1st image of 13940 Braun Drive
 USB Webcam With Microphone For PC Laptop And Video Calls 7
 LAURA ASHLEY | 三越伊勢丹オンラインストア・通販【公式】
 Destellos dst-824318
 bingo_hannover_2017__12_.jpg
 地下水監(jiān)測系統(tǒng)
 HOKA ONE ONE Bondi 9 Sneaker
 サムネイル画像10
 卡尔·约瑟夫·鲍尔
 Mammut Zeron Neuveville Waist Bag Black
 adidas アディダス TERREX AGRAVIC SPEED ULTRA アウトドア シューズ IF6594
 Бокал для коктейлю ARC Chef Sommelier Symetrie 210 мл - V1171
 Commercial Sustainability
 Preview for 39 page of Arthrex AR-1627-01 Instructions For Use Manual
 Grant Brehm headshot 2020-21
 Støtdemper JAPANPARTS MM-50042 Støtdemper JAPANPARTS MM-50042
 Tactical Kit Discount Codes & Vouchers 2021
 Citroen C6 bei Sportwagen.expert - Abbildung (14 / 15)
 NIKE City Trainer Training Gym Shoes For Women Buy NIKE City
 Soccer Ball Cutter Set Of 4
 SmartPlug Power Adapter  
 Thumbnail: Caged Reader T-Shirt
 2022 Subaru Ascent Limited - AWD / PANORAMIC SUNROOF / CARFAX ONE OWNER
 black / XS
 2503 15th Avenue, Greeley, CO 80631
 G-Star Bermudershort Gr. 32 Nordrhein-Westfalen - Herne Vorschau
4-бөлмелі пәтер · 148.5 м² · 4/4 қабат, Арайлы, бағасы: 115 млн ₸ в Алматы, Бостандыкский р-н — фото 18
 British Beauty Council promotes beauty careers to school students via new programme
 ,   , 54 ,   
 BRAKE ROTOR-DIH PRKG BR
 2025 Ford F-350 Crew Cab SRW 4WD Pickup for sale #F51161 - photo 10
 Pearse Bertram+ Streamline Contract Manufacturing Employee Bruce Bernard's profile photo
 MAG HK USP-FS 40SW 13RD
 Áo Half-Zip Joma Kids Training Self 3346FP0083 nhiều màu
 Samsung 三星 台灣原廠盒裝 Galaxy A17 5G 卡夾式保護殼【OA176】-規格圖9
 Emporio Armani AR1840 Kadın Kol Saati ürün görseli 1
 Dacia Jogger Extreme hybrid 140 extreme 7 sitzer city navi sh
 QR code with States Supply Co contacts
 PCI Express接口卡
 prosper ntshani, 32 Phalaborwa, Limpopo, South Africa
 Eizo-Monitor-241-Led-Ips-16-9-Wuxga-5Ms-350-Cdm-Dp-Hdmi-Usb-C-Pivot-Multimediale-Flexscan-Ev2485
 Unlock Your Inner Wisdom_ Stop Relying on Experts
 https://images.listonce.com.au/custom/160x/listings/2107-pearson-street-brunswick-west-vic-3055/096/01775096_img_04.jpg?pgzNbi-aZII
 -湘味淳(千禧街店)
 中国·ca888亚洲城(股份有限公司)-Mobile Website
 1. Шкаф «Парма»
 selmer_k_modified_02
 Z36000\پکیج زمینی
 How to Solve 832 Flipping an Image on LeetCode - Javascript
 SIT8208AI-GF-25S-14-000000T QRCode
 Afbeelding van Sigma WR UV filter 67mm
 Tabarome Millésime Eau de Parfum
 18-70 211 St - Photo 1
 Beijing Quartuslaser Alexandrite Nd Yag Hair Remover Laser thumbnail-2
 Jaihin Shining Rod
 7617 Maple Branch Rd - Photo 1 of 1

§ **Exercise aim**: Could you return exactly the lines above from the line with "SmartPlug Power Adapter" to the line with "G-Star Bermudershort Gr.", both included, and nothing else?

§ **Solution for this problem**:
 SmartPlug Power Adapter  
 Thumbnail: Caged Reader T-Shirt
 2022 Subaru Ascent Limited - AWD / PANORAMIC SUNROOF / CARFAX ONE OWNER
 black / XS
 2503 15th Avenue, Greeley, CO 80631
 G-Star Bermudershort Gr. 32 Nordrhein-Westfalen - Herne Vorschau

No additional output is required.